De uma forma ou de outra, todos somos migrantes ou descendentes de migrantes. De primeira, segunda, terceira ou mais gerações. É só olhar para trás na história dos antepassados. Às vezes, basta pronunciar o sobrenome para saber que somos migrantes ou descendentes de migrantes. O sotaque e a cor da pele nos denunciam. Por que, então, tanta dificuldade em aceitar os migrantes em nossa comunidade, em nossa cidade, em nosso país?

A palavra técnica para isso é xenofobia. Originada do grego, ela significa, literalmente, o medo ao diferente. De fato, o migrante que nos mete medo é sempre o estranho ao nosso mundo. Se é igual a nós, nem é considerado imigrante, mesmo que tenha vindo de muito longe. Mas se a sua cor de pele, sua língua, sua religião, sua cultura, seus costumes, são diferentes dos nossos, as reações xenofóbicas não tardam a manifestar-se.
O que nos mete medo, não é a mobilidade, mas a presença entre nós do diferente. Parece que isso faz parte da condição humana. Já no tempo de Jesus era assim. Os judeus tinham muita dificuldade em aceitar quem não pertencesse ao seu povo. O ódio aos romanos era óbvio. Roma era o Império estrangeiro que invadiu, espoliou e mantinha sob ferrenha dominação o povo judeu. O medo aos cananeus também, já que Israel havia se apossado de suas terras. Já o medo aos samaritanos era menos explicável. Judeus e samaritanos faziam parte do mesmo povo. E cultuavam o mesmo Deus. O que os diferenciava era a presumida pureza de sangue dos judeus e o lugar de culto e alguns costumes particulares.

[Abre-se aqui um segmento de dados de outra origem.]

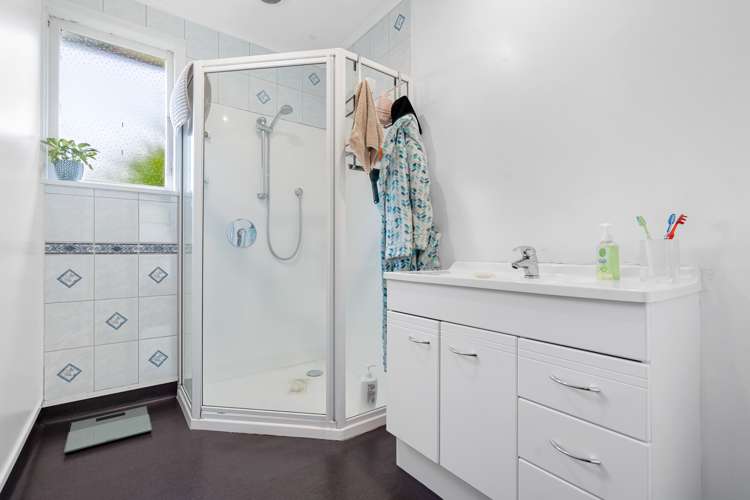 37 Iorns Street Masterton_10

Várias vezes nos evangelhos Jesus apresenta um samaritano como modelo de fé. A passagem mais conhecida é a do chamado “bom samaritano”. Mas existe também a passagem do leproso samaritano que, junto com outros nove leprosos judeus, foi curado por Jesus. Dos dez, apenas o samaritano voltou para agradecer. Só ele reconheceu em Jesus a presença salvadora de Deus. Bem diferente dos leprosos judeus que, também curados por Jesus, continuaram encerrados em sua convicção nacionalista e xenofóbica de que os privilégios de Deus são exclusivamente para eles.

Curados, os nove judeus nacionalistas, ortodoxos e xenófobos foram ao templo. Mas Deus não estava no templo. Deus estava em Jesus. E foi só o samaritano estrangeiro, herético e longe de sua terra que o encontrou e foi salvo por sua fé.